DIRECTIONS FOR THIS TASK: Return, word for word, the lines of the listing below from the one with "SEOUL, SOUTH KOREA" through the one with "A modern kitchen", and no other lines.
[DATA TO PROCESS — start]
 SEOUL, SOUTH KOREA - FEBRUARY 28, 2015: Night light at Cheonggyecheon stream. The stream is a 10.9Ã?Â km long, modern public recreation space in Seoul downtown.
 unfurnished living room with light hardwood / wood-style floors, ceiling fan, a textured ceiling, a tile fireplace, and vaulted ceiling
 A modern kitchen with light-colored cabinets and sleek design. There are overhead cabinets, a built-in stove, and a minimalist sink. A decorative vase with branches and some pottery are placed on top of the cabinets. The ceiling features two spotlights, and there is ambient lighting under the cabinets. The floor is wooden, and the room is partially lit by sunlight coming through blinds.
[DATA TO PROCESS — finish]
[DATA TO PROCESS — start]
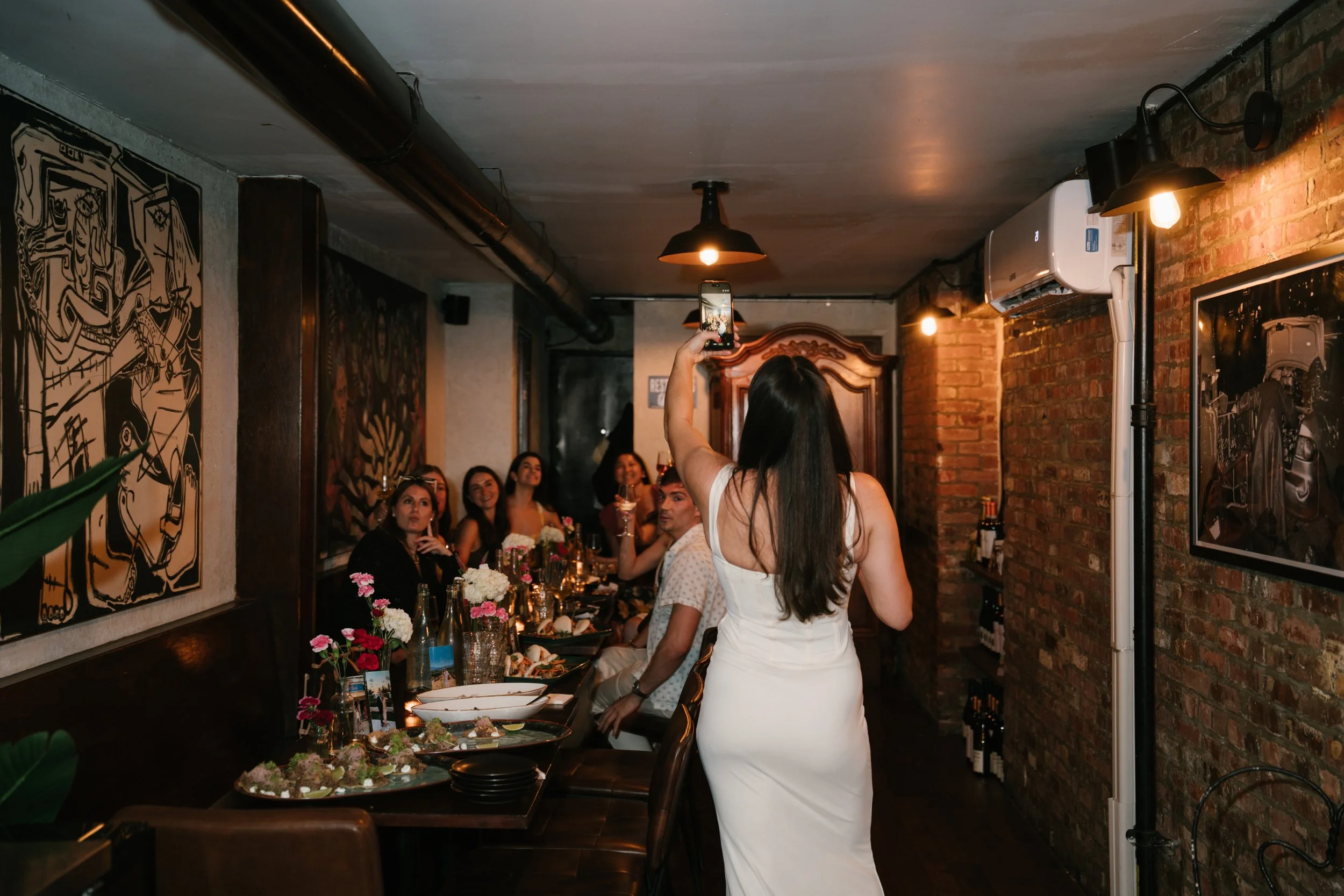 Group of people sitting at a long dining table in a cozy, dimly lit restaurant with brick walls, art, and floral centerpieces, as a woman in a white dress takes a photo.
[DATA TO PROCESS — finish]
[DATA TO PROCESS — start]
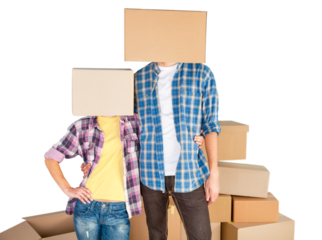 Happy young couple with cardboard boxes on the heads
[DATA TO PROCESS — finish]
FINISHED EXERCISE:
 SEOUL, SOUTH KOREA - FEBRUARY 28, 2015: Night light at Cheonggyecheon stream. The stream is a 10.9Ã?Â km long, modern public recreation space in Seoul downtown.
 unfurnished living room with light hardwood / wood-style floors, ceiling fan, a textured ceiling, a tile fireplace, and vaulted ceiling
 A modern kitchen with light-colored cabinets and sleek design. There are overhead cabinets, a built-in stove, and a minimalist sink. A decorative vase with branches and some pottery are placed on top of the cabinets. The ceiling features two spotlights, and there is ambient lighting under the cabinets. The floor is wooden, and the room is partially lit by sunlight coming through blinds.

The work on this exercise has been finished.